Susan Anthony ist eine wunderbare - und wunderschöne Chrysothemis. Ihr substanzreicher, klarer Sopran hat Strahlkraft und Wärme. "Kinder will ich haben bevor mein Leib verwelkt" "Ich bin ein Weib und will ein Weiberschicksal" - das strahlt und blüht voller Lebens- und Liebessehnsucht. Diese Sehnsucht droht Chrysothemis in den Wahnsinn zu treiben.

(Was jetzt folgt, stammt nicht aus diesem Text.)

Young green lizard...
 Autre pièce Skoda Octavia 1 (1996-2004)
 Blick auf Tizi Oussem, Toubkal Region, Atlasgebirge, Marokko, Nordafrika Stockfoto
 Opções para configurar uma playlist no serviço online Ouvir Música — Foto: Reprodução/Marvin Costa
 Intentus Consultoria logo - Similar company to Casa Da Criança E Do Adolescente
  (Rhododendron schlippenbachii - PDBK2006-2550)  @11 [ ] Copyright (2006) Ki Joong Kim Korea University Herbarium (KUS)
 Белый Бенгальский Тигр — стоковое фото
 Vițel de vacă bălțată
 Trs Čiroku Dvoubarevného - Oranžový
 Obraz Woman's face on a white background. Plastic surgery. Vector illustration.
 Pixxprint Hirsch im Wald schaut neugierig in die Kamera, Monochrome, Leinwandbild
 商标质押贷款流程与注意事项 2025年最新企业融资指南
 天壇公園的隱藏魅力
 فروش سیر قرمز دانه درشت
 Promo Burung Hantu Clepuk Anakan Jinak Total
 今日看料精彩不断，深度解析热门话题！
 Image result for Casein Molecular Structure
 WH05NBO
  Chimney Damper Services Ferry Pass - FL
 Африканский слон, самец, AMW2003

Markus Marquardt lässt als Orest warme und kernige Töne zugleich hören. Nach dem Bruder Elektras und Chrysothemis' hält alles Ausschau. Zuerst ein Erlöser, der Elektra die Zwangsjacke auszieht, wird er danach zur roboterartigen Kampfmaschine, der seinen Auftrag erfüllt, die Mutter und deren Geliebten tötet und dann einfach wieder abhaut. Elektra bricht zusammen. Chrysothemis ist entsetzt. Das Publikum ist begeistert.


FAZIT

Auch nach fast 20 Jahren kann eine Inszenierung noch höchst spannende Personenregie zeigen. Die alte Dresdner "Sprungturm-Elektra" ist immer noch ein großes Musiktheater-Erlebnis. Erst recht wenn sie so exzellent besetzt ist wie an diesem Abend.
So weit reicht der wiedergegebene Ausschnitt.